Gemeinsam mit Börries Kuzmany hat sie nun den Sammelband „Aufnahmeland Österreich“ herausgegeben. Zwölf Autorinnen und Autoren widmen sich darin Flüchtlingskrisen der vergangenen 300 Jahre. noe.ORF.at hat mit der Herausgeberin über den Umgang mit Flucht und Geschichte als Leitfaden für die Gegenwart gesprochen.

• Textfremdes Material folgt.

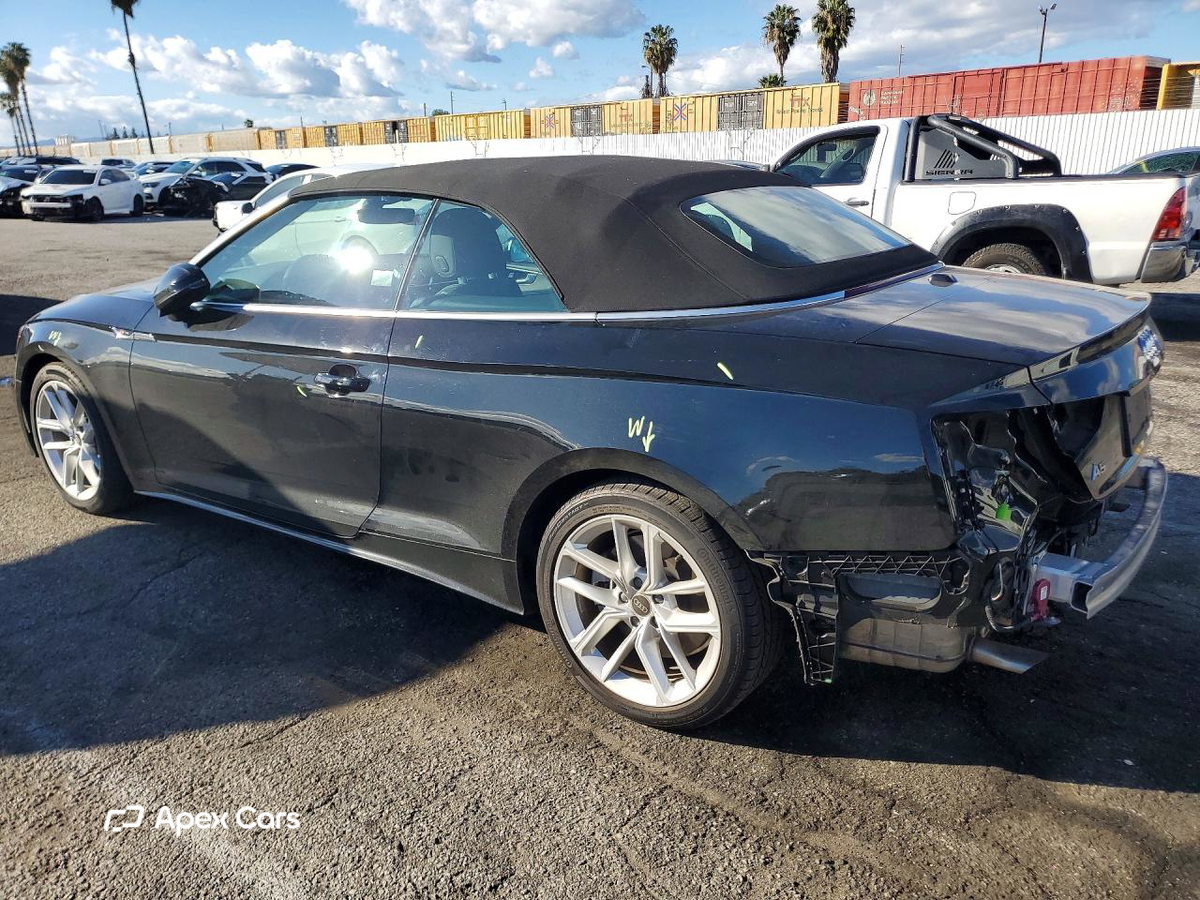 Audi A5 2024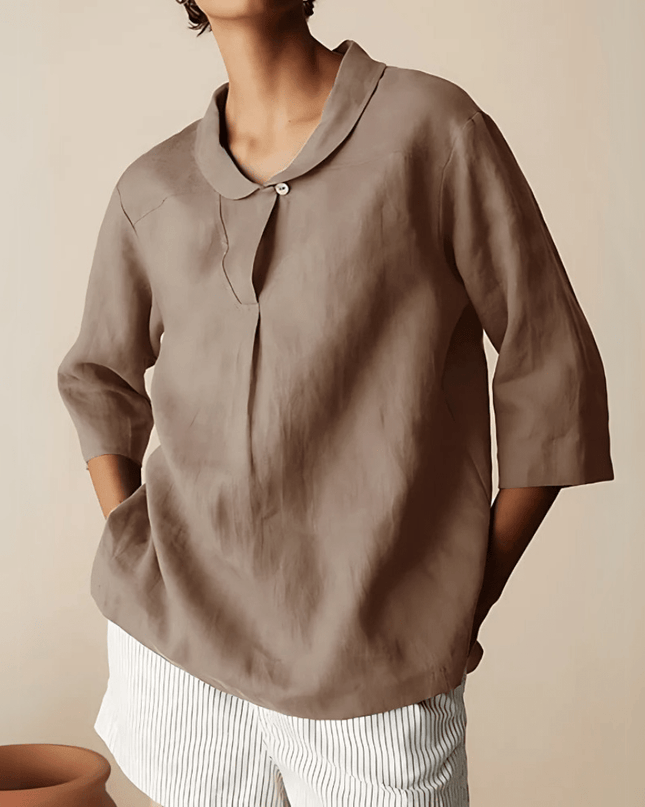Aria | The Essential Classic Shirt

Erstaufnahmezentrum Traiskirchen Ende August 2015
APA/Hans Klaus Techt
Erstaufnahmezentrum Traiskirchen 2015

noe.ORF.at: Frau Garstenauer, Sie sagen, Flüchtlingskrisen wie 2015 seien kein Phänomen der heutigen Zeit. Warum?

Rita Garstenauer: Fluchtkrisen, Flüchtlingskrisen passieren immer wieder, sie sind auch in Österreich immer wieder passiert und man ist auf die eine oder andere Weise damit umgegangen. Historisch betrachtet sind Flüchtlingskrisen überhaupt nichts Neues.

noe.ORF.at: Auf welche historischen Ereignisse beziehen Sie sich in „Aufnahmeland Österreich“ zum Beispiel?

Garstenauer: Ein relativ nahes Beispiel ist die Ungarnkrise 1956, da gibt es wirklich starke Parallelen zu Ereignissen der Gegenwart. Damals kamen relativ viele Menschen, an den Grenzen fanden sich sehr rasch private Helfer ein. Auch internationale Organisationen, das Rote Kreuz oder das Bundesheer, waren engagiert. Als weiteres Beispiel wären die Geschehnisse in der Grenzstadt Brody zu nennen. Die liegt zwar heute in Polen, war aber damals Teil des österreichischen Galiziens und lag an der Grenze zum russischen Zarenreich. Es gab damals eine große Fluchtbewegung von Juden vor Pogromen.

noe.ORF.at: Wie ging man damals damit um?

Garstenauer: Die Behörden mussten realisieren: Da passiert jetzt was, das außerhalb des Normalen ist. Man fragte sich: Wie gehen wir damit um? Wie regelt man das? Was passiert denn da jetzt im Nachbarland eigentlich? Soll man das akzeptieren oder nicht? Im Fall der jüdischen Pogromflüchtlinge gab es auch eine starke Hilfsbereitschaft und eine sehr positive, öffentliche Diskussion in den Medien.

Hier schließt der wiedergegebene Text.